BEGIN LISTED RECORDS

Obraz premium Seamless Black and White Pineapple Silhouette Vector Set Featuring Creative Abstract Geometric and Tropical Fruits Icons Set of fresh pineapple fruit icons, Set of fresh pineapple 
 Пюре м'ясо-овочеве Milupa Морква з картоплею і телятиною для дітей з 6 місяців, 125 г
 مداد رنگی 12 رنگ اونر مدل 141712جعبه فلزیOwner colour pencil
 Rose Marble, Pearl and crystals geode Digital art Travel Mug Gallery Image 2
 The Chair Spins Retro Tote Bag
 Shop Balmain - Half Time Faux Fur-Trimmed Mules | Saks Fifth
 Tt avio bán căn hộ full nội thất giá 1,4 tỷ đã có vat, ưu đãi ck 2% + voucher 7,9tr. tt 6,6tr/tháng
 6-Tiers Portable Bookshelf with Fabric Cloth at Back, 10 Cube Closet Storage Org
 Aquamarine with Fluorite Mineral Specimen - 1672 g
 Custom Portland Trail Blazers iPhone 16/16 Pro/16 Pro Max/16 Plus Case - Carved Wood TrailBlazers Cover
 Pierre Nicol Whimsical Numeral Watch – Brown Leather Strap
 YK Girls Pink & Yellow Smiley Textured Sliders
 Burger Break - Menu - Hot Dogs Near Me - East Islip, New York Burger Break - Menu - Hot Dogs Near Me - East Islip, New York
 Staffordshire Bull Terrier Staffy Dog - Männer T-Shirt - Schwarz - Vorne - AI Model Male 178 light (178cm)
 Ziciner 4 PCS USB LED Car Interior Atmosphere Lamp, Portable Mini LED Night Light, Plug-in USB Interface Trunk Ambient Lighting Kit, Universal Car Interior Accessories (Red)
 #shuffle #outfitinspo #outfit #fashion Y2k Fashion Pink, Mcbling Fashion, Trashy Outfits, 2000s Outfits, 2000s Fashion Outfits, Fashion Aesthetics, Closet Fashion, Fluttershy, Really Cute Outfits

END LISTED RECORDS

Using the entries above, give back exactly the line containing "YK Girls Pink", the line containing "Ziciner 4 PCS", and every line between them, and nothing else.

**FINISHED EXERCISE**
 YK Girls Pink & Yellow Smiley Textured Sliders
 Burger Break - Menu - Hot Dogs Near Me - East Islip, New York Burger Break - Menu - Hot Dogs Near Me - East Islip, New York
 Staffordshire Bull Terrier Staffy Dog - Männer T-Shirt - Schwarz - Vorne - AI Model Male 178 light (178cm)
 Ziciner 4 PCS USB LED Car Interior Atmosphere Lamp, Portable Mini LED Night Light, Plug-in USB Interface Trunk Ambient Lighting Kit, Universal Car Interior Accessories (Red)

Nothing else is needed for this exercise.